Published 2:11 pm Friday, April 24, 2020

Seniors were tantalizing close to the end of their high school careers when the coronavirus struck, closing schools for the remainder of the 2019-20 school year. Never would they have thought that their senior year would have ended like this.
Instead of cruising the halls with friends, attending prom, starring in one final performance, or playing in one last game, seniors are now stuck at home.
As most parents will tell you, the school years come and go fast. In the blink of an eye, our children grow into adults, going through time-honored rites of passages that mark their maturation.
But what happens when the rites of passages get canceled. That is what has happened for seniors all across this country — not just here in Elizabethton and Carter County.
The coronavirus pandemic has caused high school spring sports academic awards programs, proms and graduations to be postponed — and in most cases canceled.
Seniors were very close to the end of their studies when classes were abruptly cancelled in March. Most will attest that the last several weeks of school, for seniors, are usually the most fun. Seniors are giddy with expectations for the future, and that energy builds up anticipation for events at the end of the academic calendar.
Schools in some parts of the country are turning to drive-thru graduations and virtual proms. While these won’t be the same as the real thing, the thought and effort are appreciated.
There’s nothing quite like the feeling of flinging your graduation cap into the air, in concert with a couple dozen or a couple hundred classmates, and then turning to hug friend after friend after friend at commencement.
The seniors of 2020 won’t get to experience that.
And for an athlete who has put in thousands of hours on the ball diamond, in the gymnasium, or running track, there’s nothing quite like competing as a senior, when you have nothing to lose and your body is finally catching up with your aspirations.

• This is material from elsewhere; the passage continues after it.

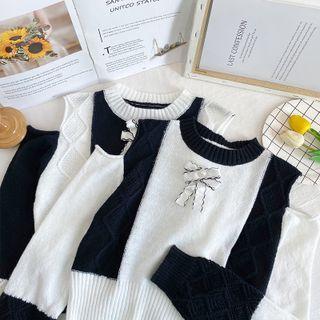 Ribbon-accent Cutout-shoulder Colorblock Sweater
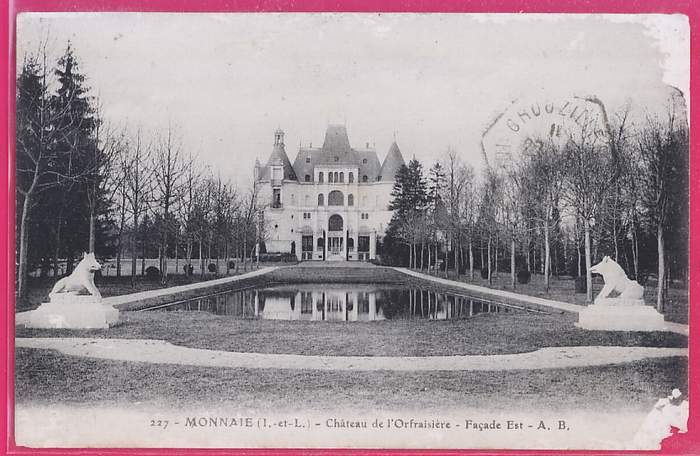 37-017 - MONNAIE - Indre & Loire - Château De L'Ofraisière  Façade Est - Monnaie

The seniors of 2020 won’t get to experience that.
And is there anything that rivals dressing to the nines and dancing the night away, getting really crazy, at senior prom?
The seniors of 2020 won’t get to experience that, either.
For most students, it’s a spring break that will roll into summer vacation. For seniors, though, it means that they will not be able to return to the halls they’ve walked through hundreds of times, or have one last lunch with friends in the cafeteria.
Unlike the many annual events and festivals across the region that have been affected, graduation ceremonies can’t be rescheduled as easily — the ceremony is usually the last time a graduating class gets to be under the same roof before departing for college.
The reality of ending high school without final goodbyes has left some of the class of 2020 heartbroken. They feel robbed.
But their families and friends and communities will think of ways to make the end of this senior year special.
And nothing — not even a pandemic — can take away the knowledge, life lessons, fun and lifetime memories that the Class of 2020 will take with them as they head off to college or into the work world.